Might be worth a try… it is built for mass transfer with no coding as long as the source is a dicom directory or just a bunch of dicom files in a known location.
I would put an orthanc instance using the postgresql on the same physical machine as the source files for speed and see what happens.
Just did a test with the Tomovision utility from a slow machine, across my internal network to a DCM4CHEE Virtual machine.
less than 3 seconds per film in a 9 film series. Will try if I have time to send to my Orthanc instance (I’m just running the default sqlite)
OK just confirmed … source on a pentium dual core 15 year old computer to Orthanc running on
a raspberry pi 3b+ and usb hard drive… Talk about a torture test… 3 seconds per film using Dicomanage
These are high quality direct digital xrays from a Veterinary DR machine by sedecal.
So if you can arrange your source (or it is already) in dicom directories… You’d probably have to divvy up the batches
Dicomanage will recursively search out a root directory for you, but the whole think would likely throw memory errors before it could load the whole batch. But at least in the small test 3 sec per film on some pretty limited hardware
I just tried this method - I had it ingest a directory full of files (serially, no threading).

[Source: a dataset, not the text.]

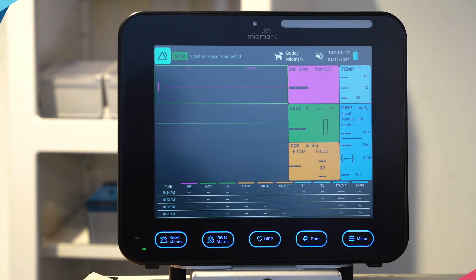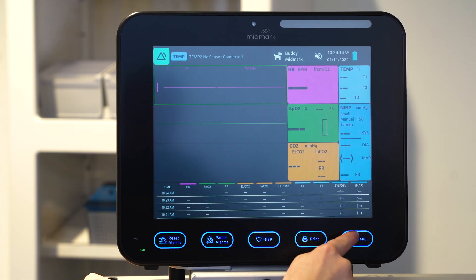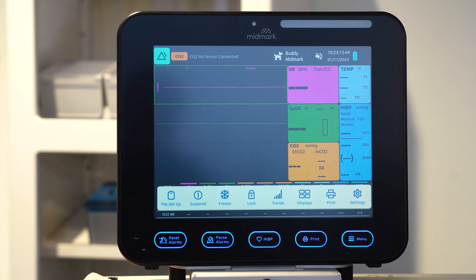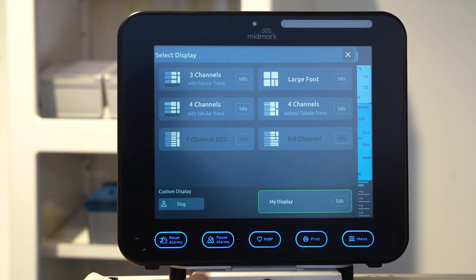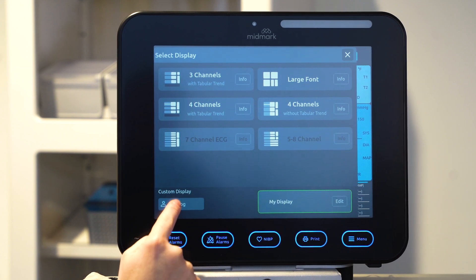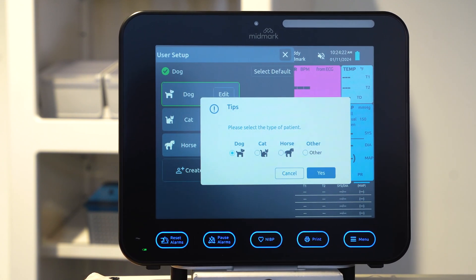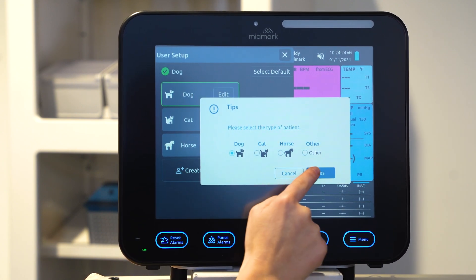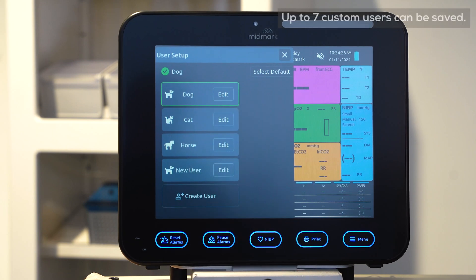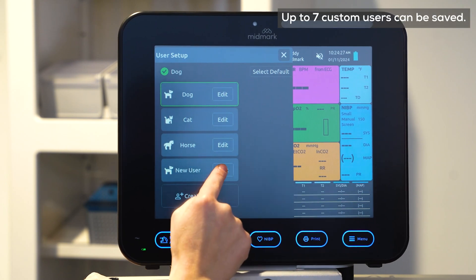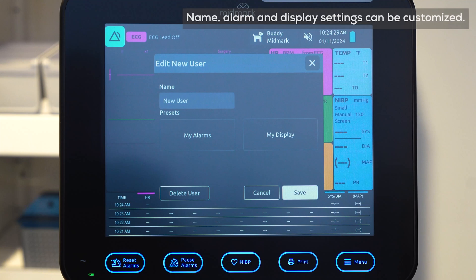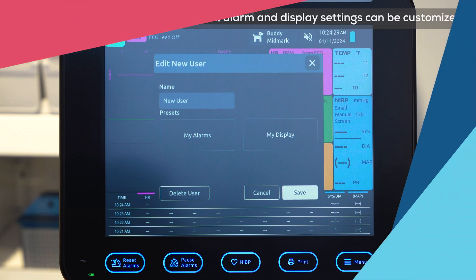To set up a custom user, select menu, then select displays, then select the user icon box. Select create user, then select patient type. A new user profile will appear. Select edit for new user, then select my alarms or my display to customize alarm or display settings.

starttime = datetime.datetime.now()
for fname in glob(‘/incoming/*dcm’):
with open(fname, ‘rb’) as f:
orthanc.RestApiPost(‘/instances’, f.read())
print(fname)
print(‘finished at’, datetime.datetime.now()-starttime)
Interestingly, it was almost precisely the same speed as dcmsend from another host, so I suspect just doing the simple way below (parallel curl) is just about as fast as it’s gonna reasonably get.
Fortunately, that works out to only about 3-4 weeks ingestion time, which is totally reasonable for a project of this size.
Relatedly, before I start on this project – is it even reasonable to be using Orthanc for this volume of images? When I search this group I see people talking about 1 TB, 5 TB instances – a few as big as 10, but not really any bigger.
I’m planning on starting with about 20 TB and expect that to grow by ~ 3-4 TB a year. Is that a problem for Orthanc?
The backend storage will be a iXsystems TrueNAS mounted via NFS via 40 GbE. The Postgres db will be locally stored on SSD (RAID1). How large should I expect that index to get?